#### [Data supplied]
- - -

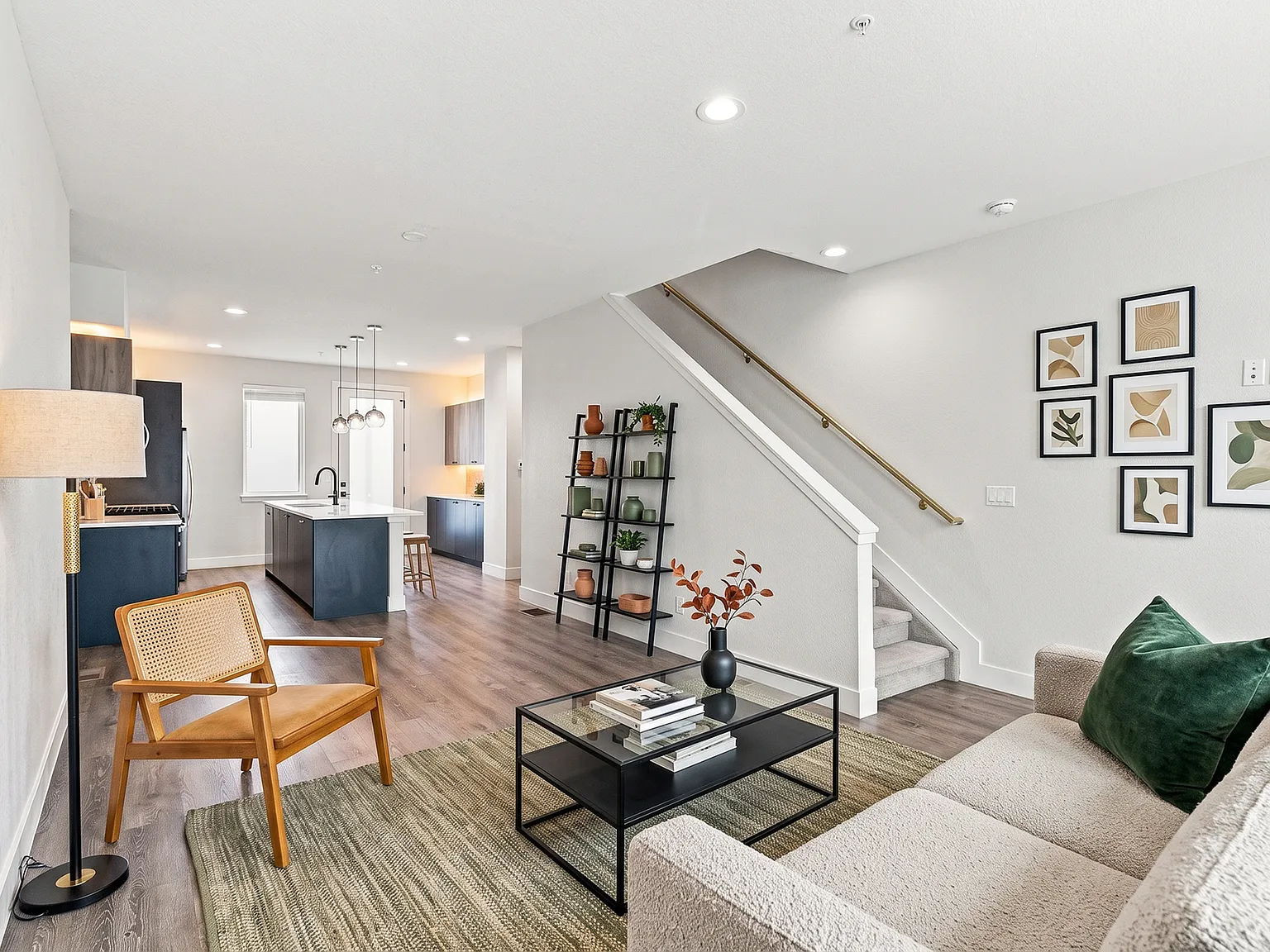 2 bed, 2.5 bath, 1461 sqft, $3,000 — Photo 2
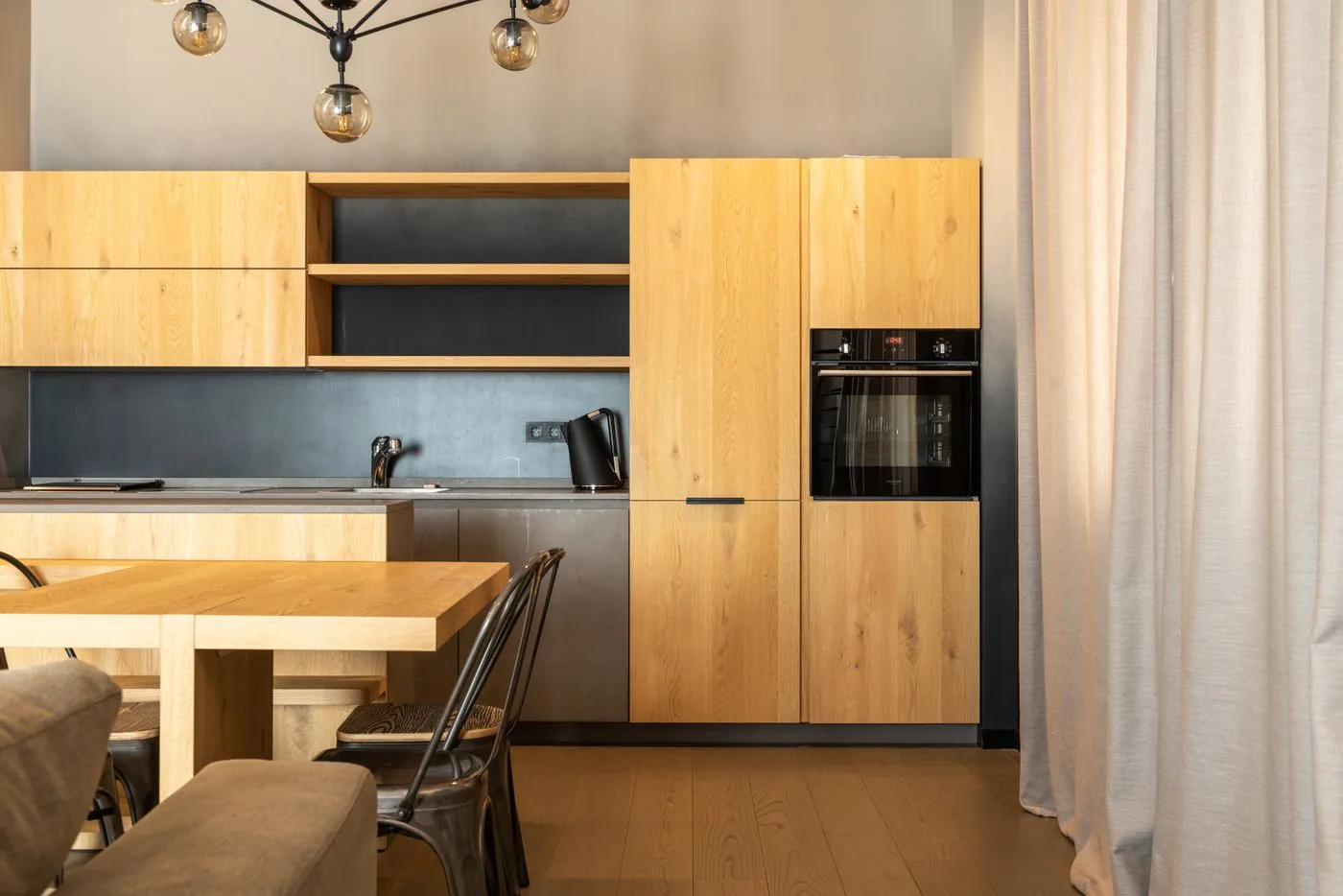 Moderne Küche mit klaren Linien und Holzfronten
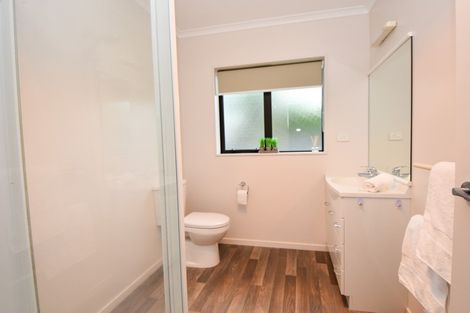 Photo of property in Villa Estate, 60/55 Armstrong Avenue, Carterton, 5713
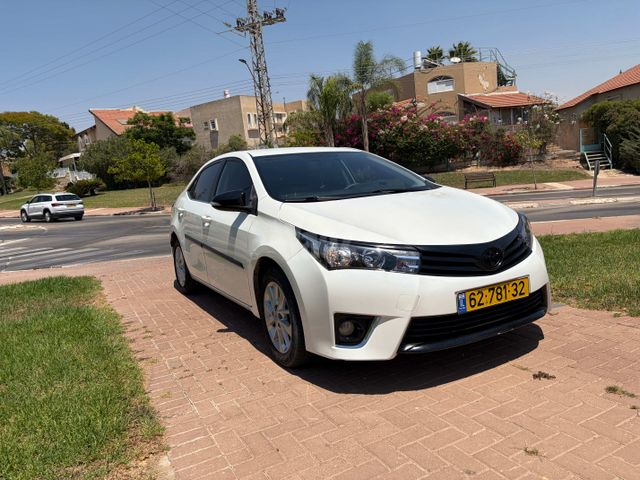 טויוטה קורולה
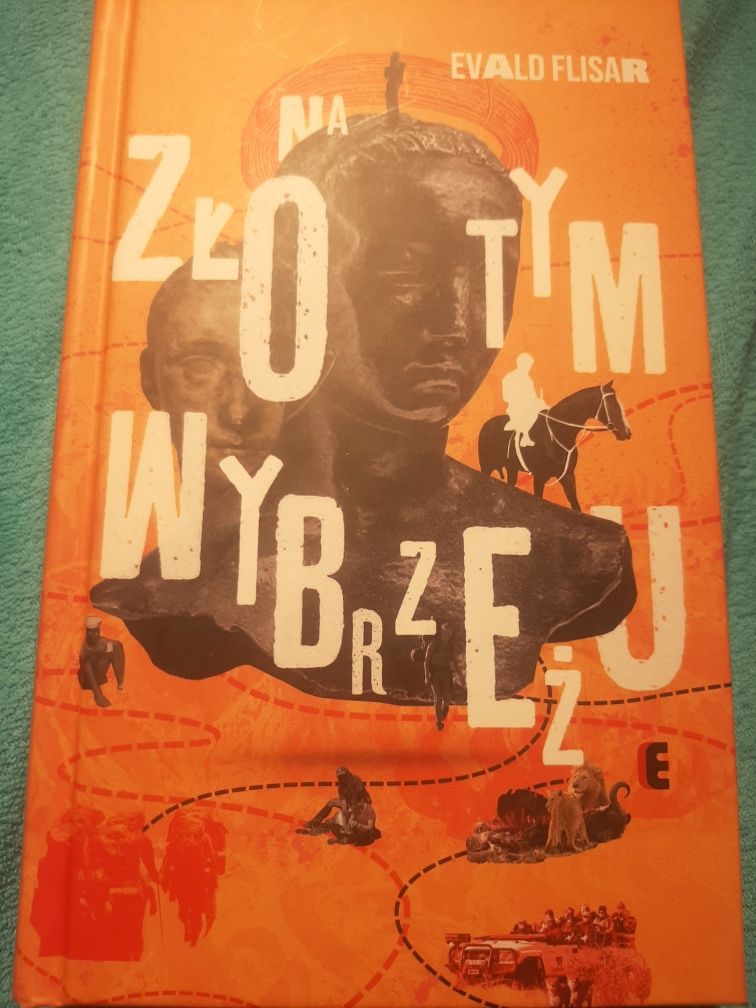 Książka Ewalda Flisara Zło na tym wybrzeżu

- - -

Once the pictures are removed, write out all of the entries above exactly.

#### [Written reply]
 2 bed, 2.5 bath, 1461 sqft, $3,000 — Photo 2
 Moderne Küche mit klaren Linien und Holzfronten
 Photo of property in Villa Estate, 60/55 Armstrong Avenue, Carterton, 5713
 טויוטה קורולה
 Książka Ewalda Flisara Zło na tym wybrzeżu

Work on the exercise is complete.